I have been working with you lately on "making your presence known" as you have a tendency to walk in a room where I am but my back is turned toward you....and you are very quiet....and do not say anything to let it be known to me you have even entered the room. I usually turn around and there you are.....and sometimes it startles me or catches me off guard.
I remember when you were little and would wake up in the middle of the night and need something.....you would walk into my bedroom.....but just stand there. You would not think about tapping me or calling out to me "mommy, I need _____"......you just stood there silently. Somehow I could sense someone was there and would wake up and find you standing there. You were still doing that even here last year.....at 7-1/2 years of age. Coming into my room in the middle of the night or early morning......but not saying a word. Just standing there. I have gone through the drill many times with you as to what you SHOULD do in that scenario.....and finally......a few months back......it sunk in and you now GET IT. IF you come into my room and need something.....you TELL ME. It was months of constant prompting....what to say and what to do in each step.
We had to go through that when you were much younger too.....as far as how to go up and even say hello to other kids. What you might ask them.......how you could ask their name...etc....because you would walk up to them but just stand there......not knowing what to say or how to act. I am thrilled to see you now not only participate in conversations.....but MANY TIMES INITIATING them...even with adults! You have made tremendous progress!
However......this new little trend of yours (not entirely new as you have done it before in the past but stopped it)......where you come into a room where I am.......and do not let me know you are there but you end up right behind me 9 times out of 10......sort of freaks me out sometimes!
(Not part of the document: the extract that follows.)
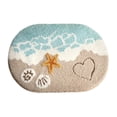thumbnail image 1 of Beach Bathroom Rugs, Microfiber Cute Coastal Bath Mats for Bathroom Floor, Non Slip Quick Dry Absorbent Bath Rugs, Machine Washable, 16"X 24" Waves, 1 of 6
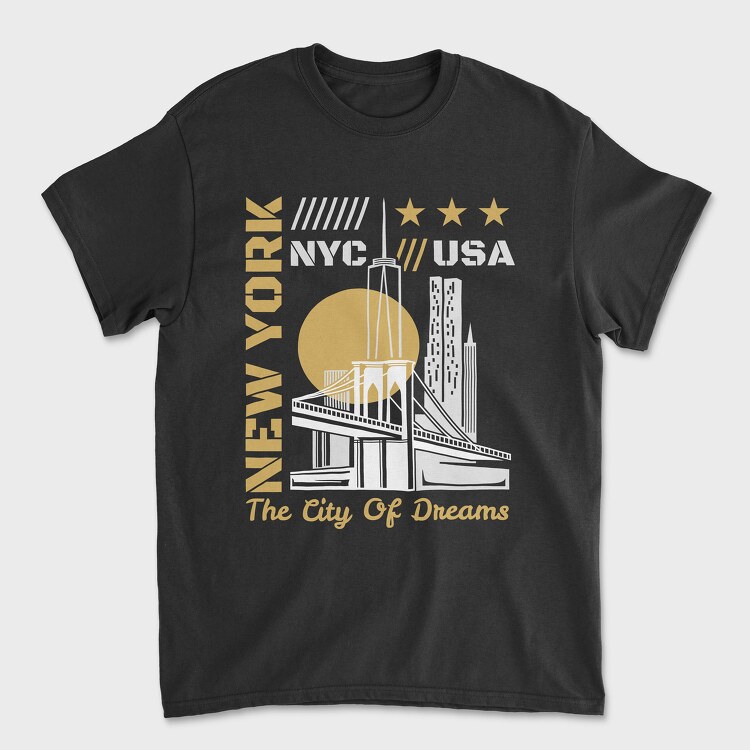 New York, Унисекс Мъжка Тениска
I know you do not realize that this seems odd or off or inappropriate. Trying to teach you this is very upsetting to you because you feel you are doing something wrong and end up crying and do not always understand. BUT I know you will GET IT one day soon.
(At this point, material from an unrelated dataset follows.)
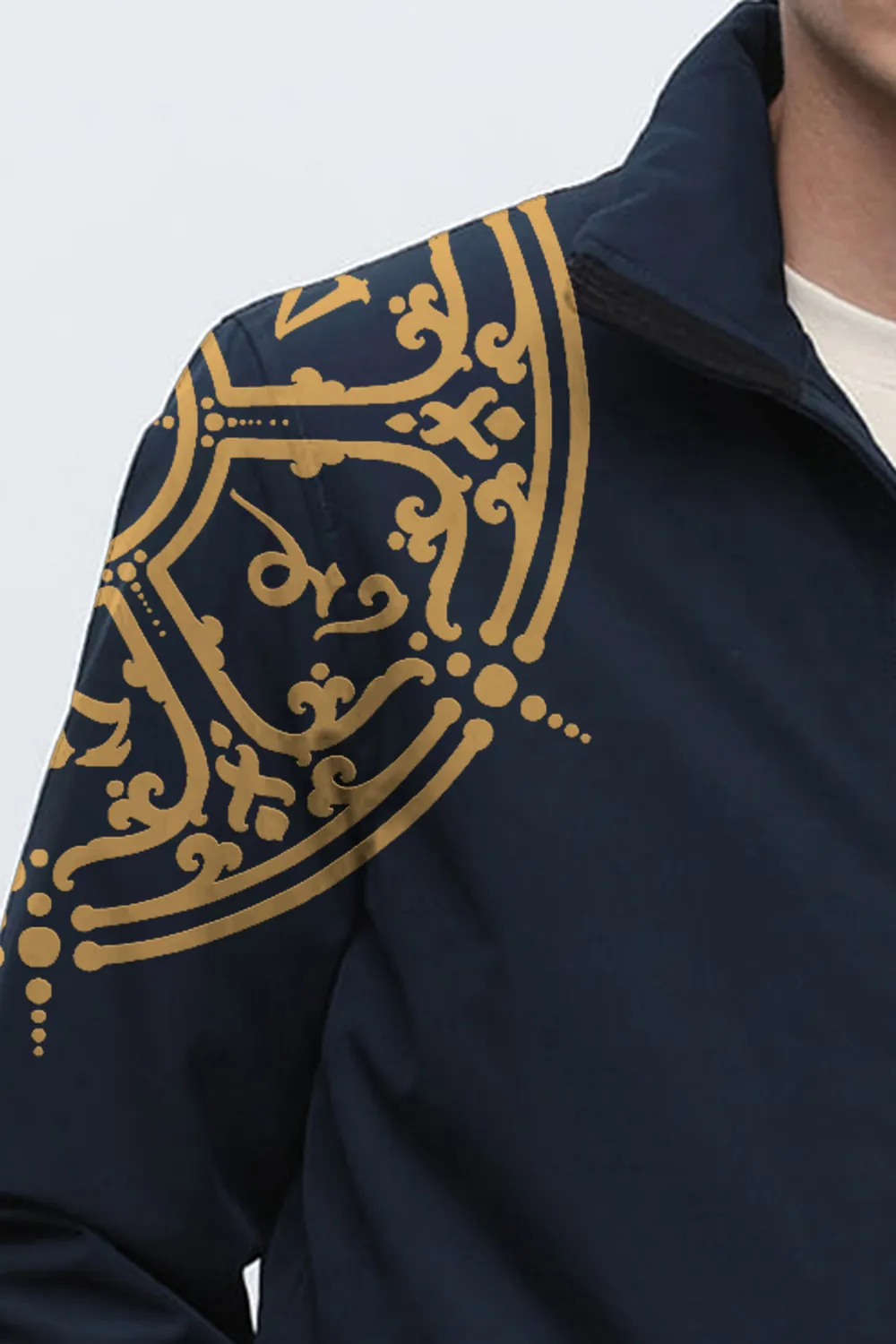 Navy Blue High Neck Padded Jacket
Today we initially had a follow-up appointment to keep at your orthopaedic doctor......but we did not have anything yet to follow up on so I canceled. BUT YOU did not know this.....and I heard you get up earlier to go to the bathroom and you must have looked at the clock because I heard you say "OH NO!"........but instead of coming in to wake me and ASK ME about it........you just walked by my bedroom door and looked my way but went back to bed. Later when you did finally wake up......you came in and climbed on my lap in my office and said to me "You failed to wake me up 2 hours earlier than usual for my doctor's appointment you idiot!"
I was caught off guard by that but not entirely. For YEARS I did not let you read many of the Peanuts Comics and such because you did not and still are not very good at discerning what are and are not appropriate comments to make to someone. I am not even totally sure you understand what IDIOT means.........BUT.....you read it in your Peanuts Comics. Same as BLOCKHEAD.......and STUPID....which I have heard you recently blurt out in different situations! Same as OH GOOD GRIEF (which is acceptable in most cases...haha).
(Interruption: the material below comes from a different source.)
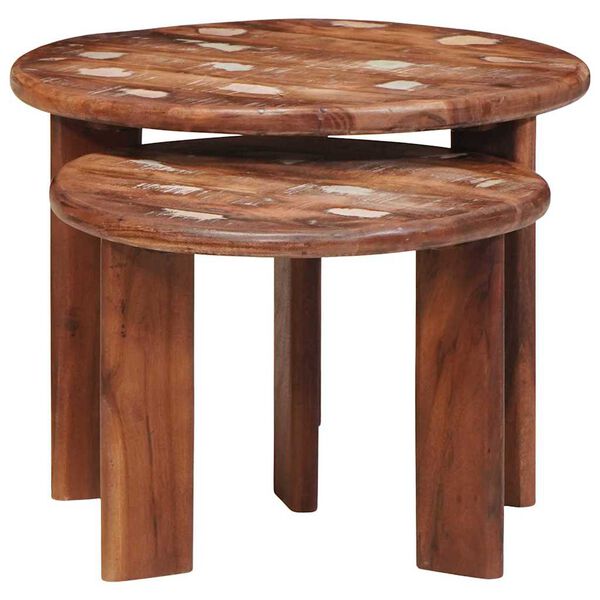 vidaXL Tables basses gigognes 2 pcs Multicolore Bois massif recycl&eacute;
SO I have also been trying to work with you on those things. Especially before school. I can only imagine how well it would go over if you said something similar to a teacher! YIKES!
I guess you could sum it up saying we have been working on social skills a lot lately.
Today it seemed the heat index was 120 degrees outside. It was unbelievable! I did hear it was 110 heat index. Supposed to get even hotter later this week. So we took off to Indiana to an antique mall and walked around in there and explored. We had a great time and you loved the road trip.
It won't be long and school will be starting!
I love you Noah......to the moon and back again.....forever and ever I will!